Isolation of HPK-encoding gene by functional complementation of E. coli ANCC22.
By using a complementation strategy (see Materials and Methods), 15 transformants, each carrying one or more random chromosomal fragments of B. infantis UCC 35624 cloned into the high-copy-number pBluescript vector, were shown to be capable of suppressing the E. coli ANCC22 PhoA-negative phenotype on solid medium. This phenotypic suppression strategy was also employed without success with a second mutant E. coli strain, VJS3051 (40), and a low-copy-number vector, pWSK29 (data not shown). The complementing ANCC22 clones were quantitatively assayed for increased alkaline phosphatase activity. All transformants exhibited increased alkaline phosphatase activity, ranging from 40 to 200 U, compared to a negative control of ANCC22 containing pBluescript (<5 U). Furthermore, introduction of the recombinant plasmids from the suppressed isolates into the control strain ANCL1 showed that suppression was not due to the cloning of a phosphatase or a regulator of phoA transcription, as outlined previously (29). Sequence data for the inserts (ranging from 1 to 2 kb) of each plasmid capable of phenotypic suppression revealed the presence of (various 3' sections of) a single HPK-encoding gene, corresponding to the transmitter domain of this assumed HPK (designated bikA; see below).

Identification of two putative RR-encoding genes by degenerate PCR.

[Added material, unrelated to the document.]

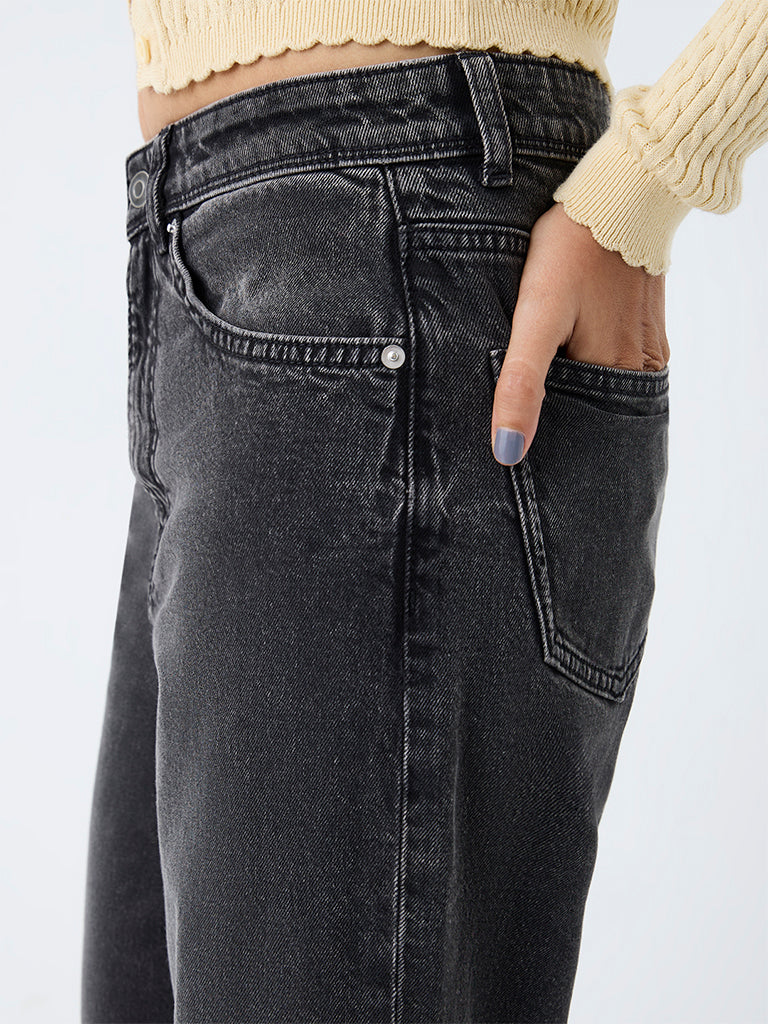 Nuon Black Light Washed High-Rise Jeans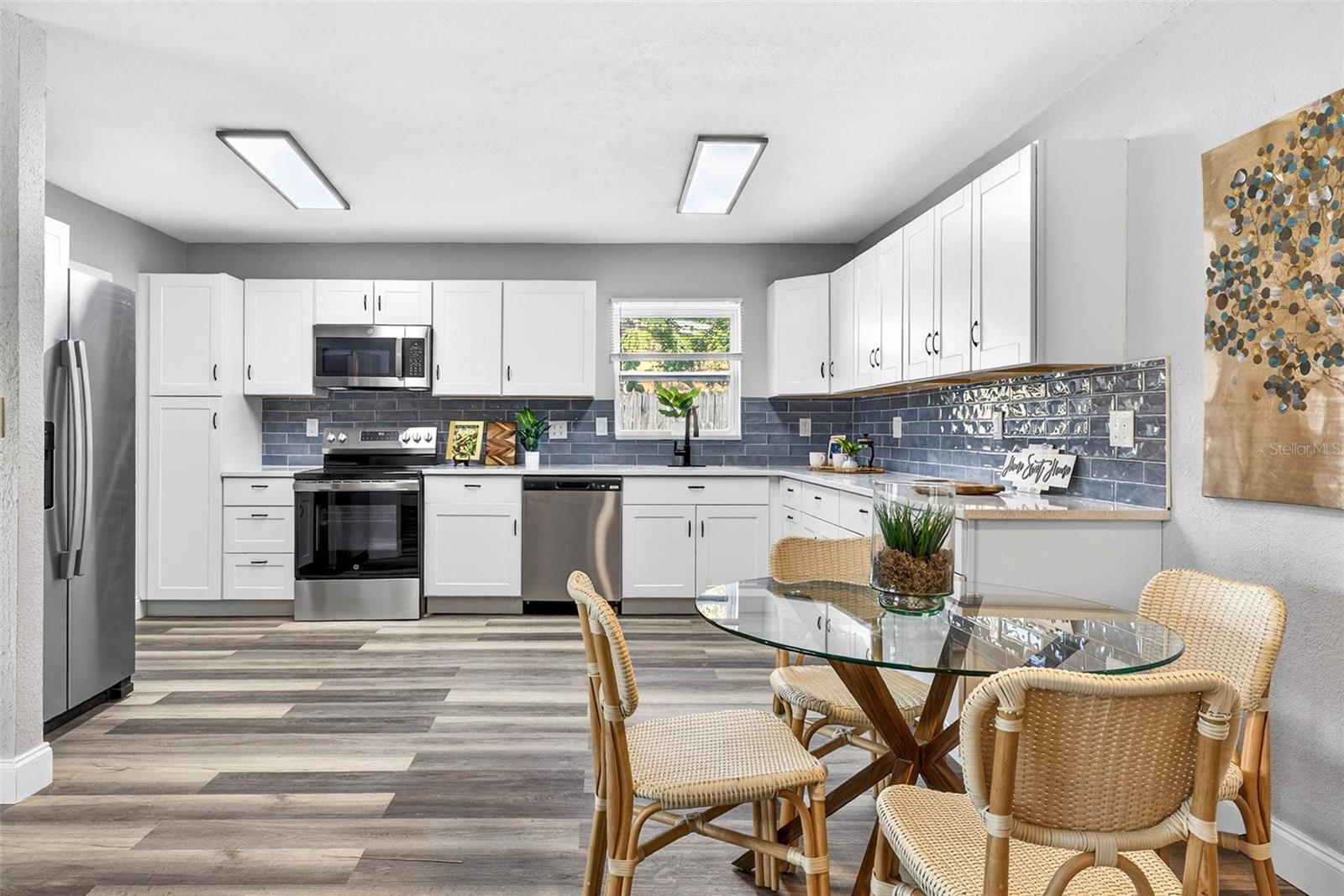 MEADOW LAWN 13TH ADD - Residential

Sequence comparison of 50 independent plasmid inserts obtained with a PCR strategy (see Materials and Methods) allowed the identification of two ORFs, each displaying significant similarity with the N-terminal internal fragment of an RR-encoding gene. These assumed RR-encoding genes were designated birB and birC (see Table 3). The PCR product encoding BirB was obtained with the forward primer VV(DE)D(DE) in conjunction with the reverse primer (see above). The second RR-encoding moiety, birC, was obtained with the second degenerate primer, (ILM)V(DE)D(DE), and the reverse primer.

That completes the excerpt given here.